Sang Asisten Ceo

Sang Asisten Ceo
Episode 3: Dapat pekerjaan


__ADS_3

Keesokan harinya


Siang ini Bima jalan mencari pekerjaan, melanggar tips ayahnya. Setelah mampir ke 5 perusahaan, Bima tak kunjung mendapatkan pekerjaan. Saat ini Bima sedang makan di warteg sambil mencari pekerjaan di ponselnya.


Selesai makan siang, Bima berjalan kembali ke kost sambil menengok kanan kiri memperhatikan gedung-gedung pencakar langit yang berdiri kokoh.


Saat sedang berjalan, Bima menemukan selebaran berisi lowongan kerja sebagai sopir. Langsung saja Bima pergi ke alam tujuan menggunakan ojek online.


Sesampainya di lokasi, Bima membayar ongkos ojek dan menanyakan soal lowongan pada satpam yang sedang duduk santai di depan pos sambil menjaga gerbang yang terbuka lebar.


"Permisi pak, apakah disini menawarkan lowongan pekerjaan sebagai sopir?" tanya Bima.


"Iya mas, masnya tertarik? kalau iya biar saya telpon bos saya." jawab satpam bernama Cokro.


"Iya pak, saya tertarik." ucap Bima.


"Sini duduk dulu mas, saya telpon kan bos saya." ucap Cokro mempersilahkan duduk di kursi panjang depan pos.


Tak lama, Cokro datang dan mengajak Bima ke ruangan bosnya.


"Bos, ini orangnya." ucap Cokro pada bos nya yang terlihat dingin, cuek, dan cool.


"Duduk, kamu kembali ke pos dan tutup gerbangnya." ucap bos.


"Permisi bos." ucap Cokro pergi.


Bima duduk di kursi yang sudah di siapkan sambil keringat dingin karena gerogi.


"Bisa saya lihat CV kamu?" tanya bos bernama Albert.

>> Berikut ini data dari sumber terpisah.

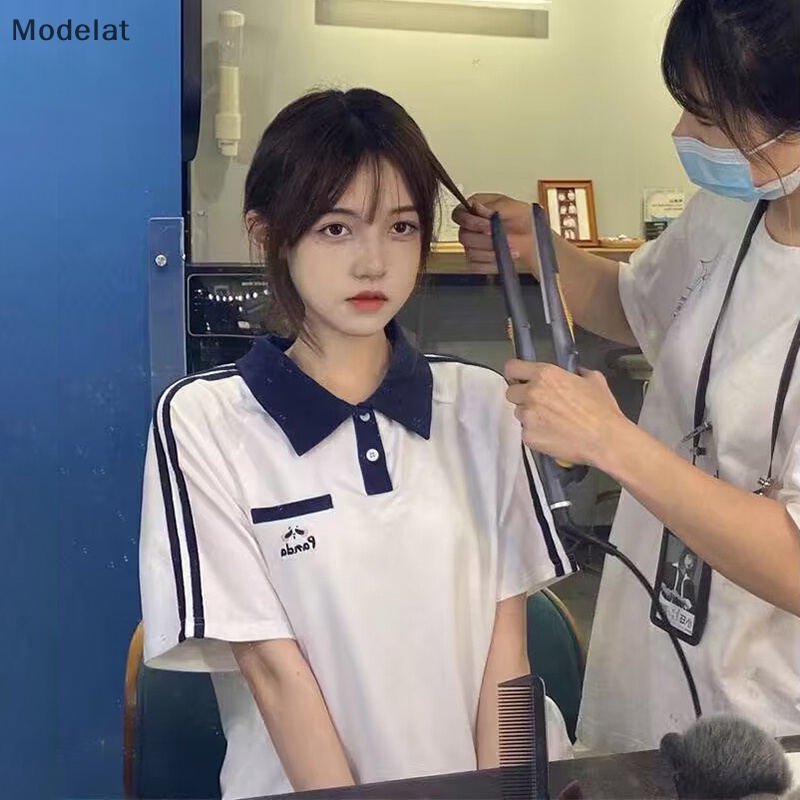 Set Áo Thun Ngắn Tay Và Quần Short Thể Thao Thời Trang Năng Động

(Albert berawakan tinggi kekar tapi tidak sekekar Bima, wajahnya lebih ke bule, badan penuh tato sampai ke leher dan yang utama tampan, umurnya sudah 35 tahun, memiliki satu istri bernama Alena dan dua anak laki dan perempuan bernama Jason dan Lia. Jason anak pertamanya berusia 18 tahun dan Lia berusia 15 tahun namun bodynya sangat sexy)


"Kenapa kamu tidak lanjut kuliah? nilai kamu fantastis, tidak ada yang di bawah 90." tanya Albert.

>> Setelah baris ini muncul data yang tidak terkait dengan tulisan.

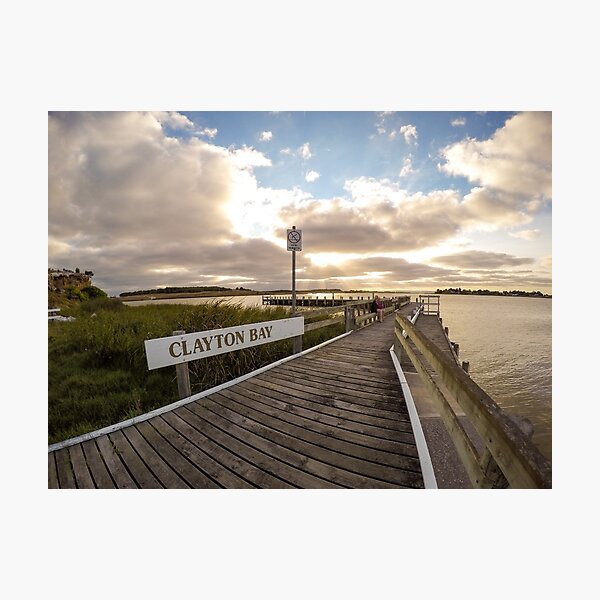 Item preview, Sunset at Clayton Bay designed and sold by Andre Gascoigne.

"Saya tidak tertarik kuliah pak, lebih baik bantu orang tua dapat uang bikin tato, itu filosofi hidup saya dulu. Tapi sekarang sudah berubah karena dorongan ekonomi orang tua saya yang semakin tipis." jawab Bima.

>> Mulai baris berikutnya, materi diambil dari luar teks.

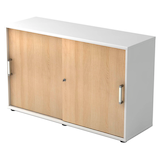 Artikelbild 1 für HAMMERBACHER Schiebetürenschrank 1752S, V1752S/W/E/CE weiß, eiche 1 Fachboden 120,0 x 40,0 x 74,8 cm, Artikelnummer 859847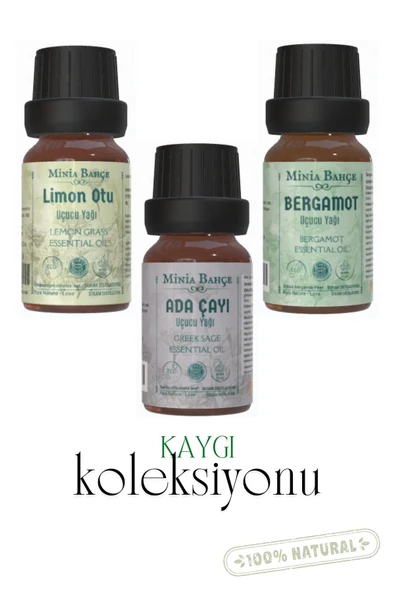 Limon Otu Yağı 10ml Bergamot Yağı 10ml Adaçayı Yağı 10ml ürün görseli 1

"Kamu mau gaji berapa?" tanya Albert.


"Saya kerja apa dulu? kalau cuma sebagai sopir saya minta 3 juta saja perbulan." jawab Bima.


"Oh iya sampai lupa, pekerjaan kamu bukan hanya sebagai supir, tapi asisten pribadi saya, lebih tinggi dari asisten kantor. Kamu bertanggung jawab atas keselamatan saya dan keluarga kecil saya, bagaimana? saya akan bayar kamu sesuai permintaan kamu." ucap Albert.


"Normalnya berapa pak?" tanya Bima.


"20 keatas." jawab Albert.


"Uhuk..uhuk..uhuk..." Bima terbatuk mendengar jawaban orang di depannya ini.


"Mau berapa? 50? atau 60? jujur saja pekerjaan ini sangat berat karena saya punya banyak musuh bisnis di luar sana." ucap Albert.


"80 deh pak, berat banget ini." jawab Bima.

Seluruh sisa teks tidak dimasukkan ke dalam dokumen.